As time has passed, JavaScript projects have become very large, and the community has developed tools to help create scalable applications. The first thing you need is a module system. A module system allows you to spread your work across different files and directories, enabling them to access each other and load them very efficiently. Naturally, JavaScript has developed a module system, in fact, multiple module systems (AMD, CommonJS, CMD, translator's note). Moreover, the community has provided package management tools (NPM, translator's note) that allow you to install and copy software that heavily depends on other modules. You might feel that the ES6 with module features has come a bit late.

Basics of Modules

An ES6 module is a file that contains JS code. There is no so-called module keyword in ES6. A module looks just like a regular script file, with the following two differences:

• ES6 modules automatically enable strict mode, even if you don't write 'use strict'.
• You can use import and export in a module.

Let's first look at export. Anything declared in a module is private by default; if you want to make it public to other modules, you must export that part of the code. We have several ways to implement this, the simplest way is to add an export keyword.

// kittydar.js - Find the locations of all the cats in an image.
// (Heather Arthur wrote this library for real)
// (but she didn't use modules, because it was 2013)

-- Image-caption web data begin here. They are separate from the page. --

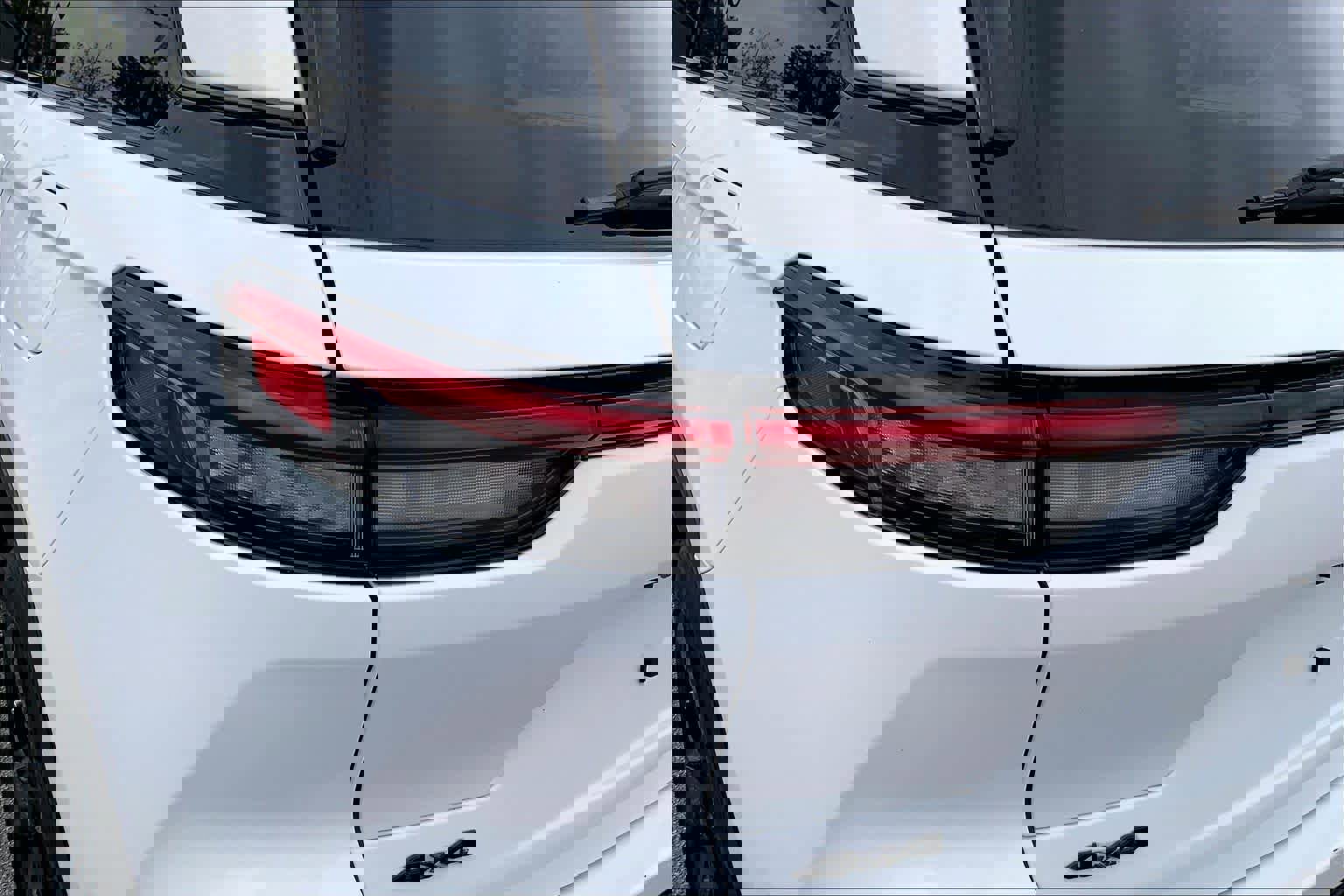 Used 2022 Jeep Grand Cherokee Altitude AWD/4WD image 25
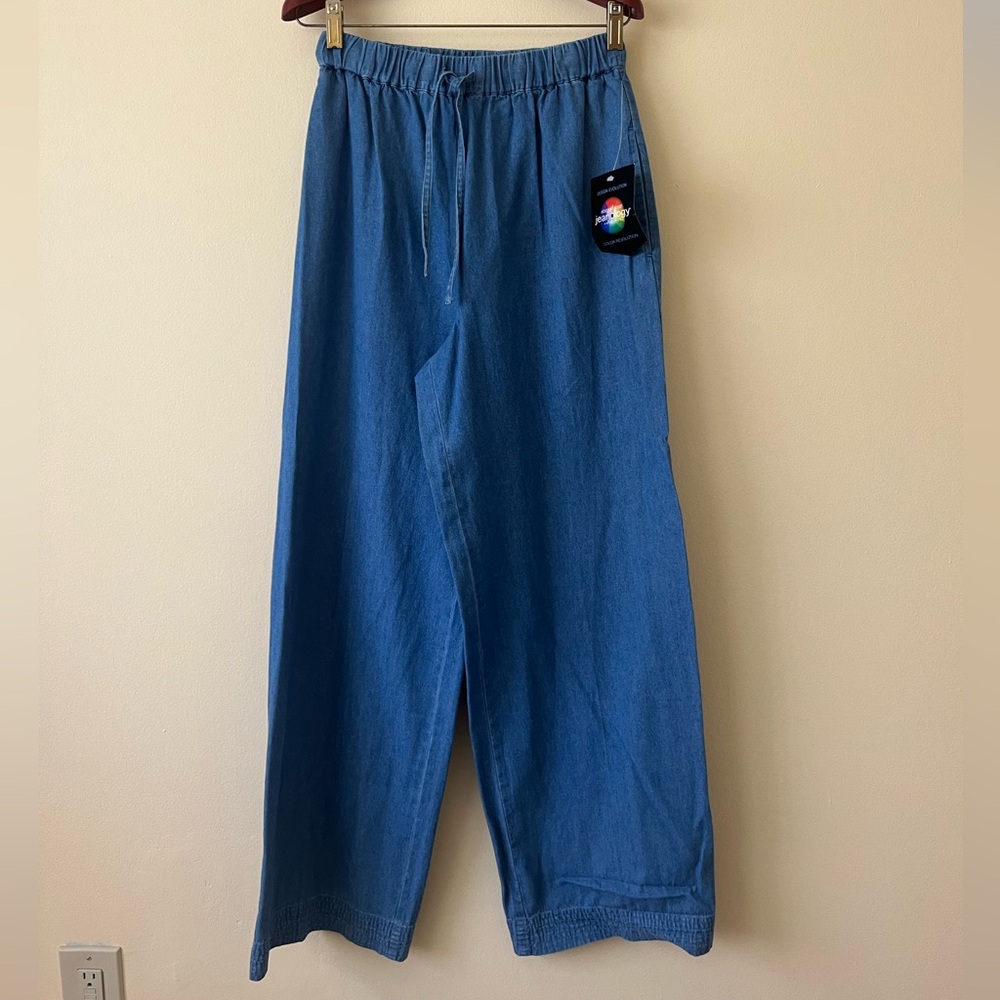 Vintage Wide Leg High Rise Elastic Waist Cotton Jeans by Newport News Jeanology
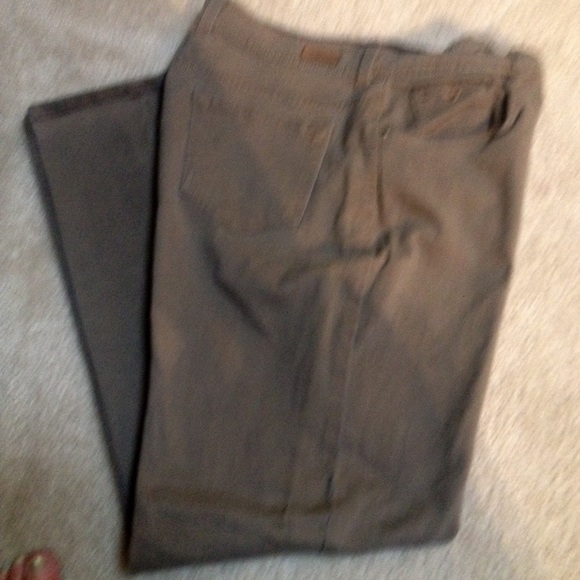 Gloria Vanderbilt Size 14 Jeans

export function detectCats(canvas, options) {
  var kittydar = new Kittydar(options);
  return kittydar.detectCats(canvas);
}

export class Kittydar {
  ... several methods doing image processing ...
}

// This helper function isn't exported.
function resizeCanvas() {
  ...
}
...

You can add export before function, class, var, let, or const.

If you want to write a module, that's all you need! No more putting code in IIFE or a callback function. Since your code is a module rather than a script file, everything you declare will be encapsulated within the module's scope, and there will no longer be global variables across modules or files. The parts you export will become the public API of this module.

Besides, the code inside a module is not much different from regular code. It can access some basic global variables like Object and Array. If your module runs in the browser, it will have access to document and XMLHttpRequest.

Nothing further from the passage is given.